I brought Michael Moore’s Sicko home for the family several weeks ago. We have been very impressed with all Michael Moore’s work (Bowling for Columbine, Fahrenheit 911,Roger and Me). Of course he is a native son, but that’s not all. We laughed, some of us cried and were appalled, especially by the introductory scene with a man sewing up, very neatly I might add, his own leg. We were all aghast and angered about the extreme state of affairs in our health care industry (notice the word industry isn’t that an oxymoron when used with health care?) Our teenagers were as engaged and incensed as we were. I immediately signed up to be placed on Michael Moore’s website.
I recently received an email update that Sicko is in the Oscar race for several awards, one of which being the prestigious Best Documentary. Up to this point in his Oscar nomination history, his work has always attracted attention. And it was almost obligatorily so. Any Michael Moore production is stellar work. But alas, it’s always intensely political and controversial. And we Americans don’t like being reminded of what makes us uncomfortable. When Morgan Spurlock’s Supersize Me beat out Fahrenheit 911, I was not surprised. Supersize Me was indeed an important film. I use it in class every year. But politically it was a much safer topic.
2008’s Oscar nominees are not quite so safe. The competitors for best documentary are all pretty inflammatory in themselves. Operation Homecoming depicts actors reading letters from soldiers stationed in Iraq. That’s got to be a poignant expose. If I had a child in Iraq, I’d find it pretty difficult to watch. Taxi to the Dark Side graphically and mercilessly shows US torture methods in Iraq and Afghanistan.
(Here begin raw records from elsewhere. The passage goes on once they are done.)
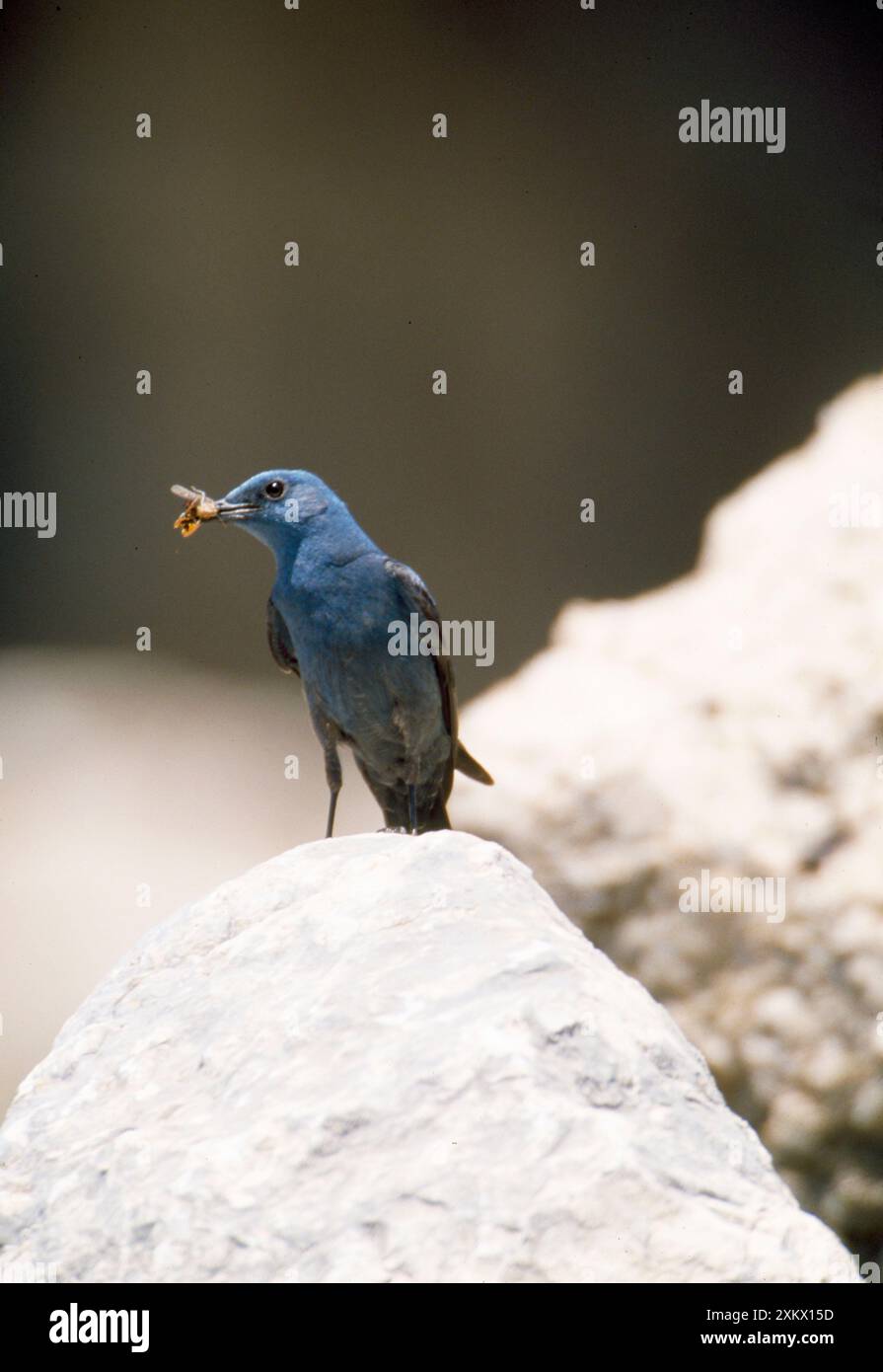 Blue Rock THRUSH - male, with food in beak Stock Photo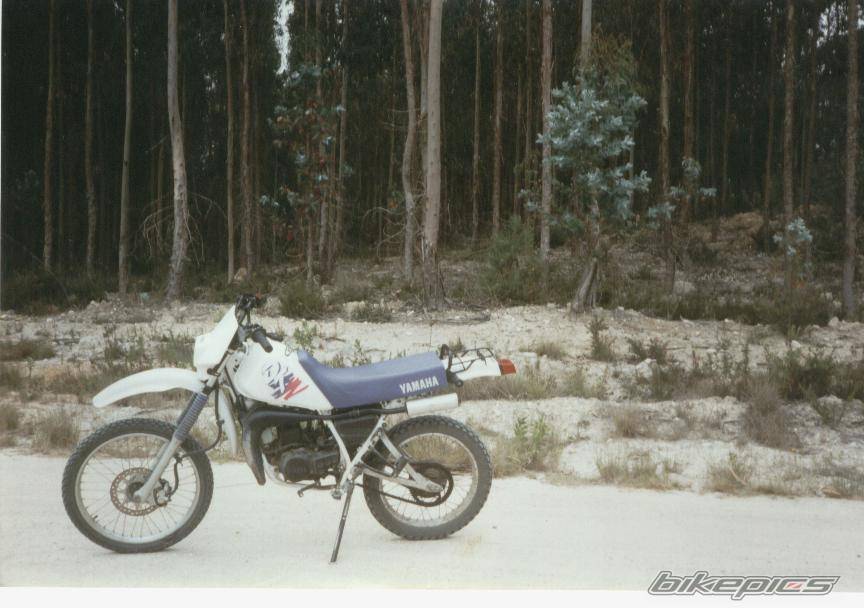 Bike Photo 285370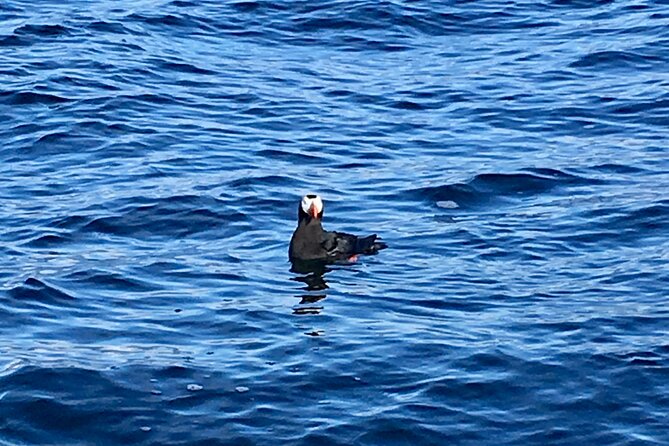 Private Charter Scenic Sea Bird Excursion Review - Schedule and Availability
I couldn’t watch all of this one. No End in Sight in this Sundance Channel film, we finally hear ex-Bush Sr. administration officials admit the screw ups and poor planning in Desert Storm. Too little too late, I say to the Republican lament and applaud the creators of this documentary.
Michael Moore seems not to even think of these films as competitors. According to his email and website, he looks upon these films and their producers as allies. He took Taxi, Operation Homecoming and No End in Sight three of them to the northern Michigan film festival. We are disappointed that it had to be in the UP. As trolls (what yuppers call those of us who live ‘below the bridge’ ), we did not make the drive to ‘God’s Country’ for this event. I hope my lucky Sault Ste. Marie relatives appreciate what they had up there.
So no matter which films bring home the coveted Academy Awards, we definitely have a selection of important political pieces to explore. Unfortunately, as Michael Moore says, not all of the documentaries have the distribution they deserve. ‘Sicko’ gets my vote at least for best director, because it exposes an area of our lives in America that all of us must face at some point or another: health care. Sicko, although some what tongue in cheek in parts brings home so much information about a system that we who live, work and interact in everyday, yet know so little about. It’s like we are all islands when it comes to health care. Most all of us have suffered our own abuses at the hands of this industry, yet we keep silent and know very little about each others sufferings.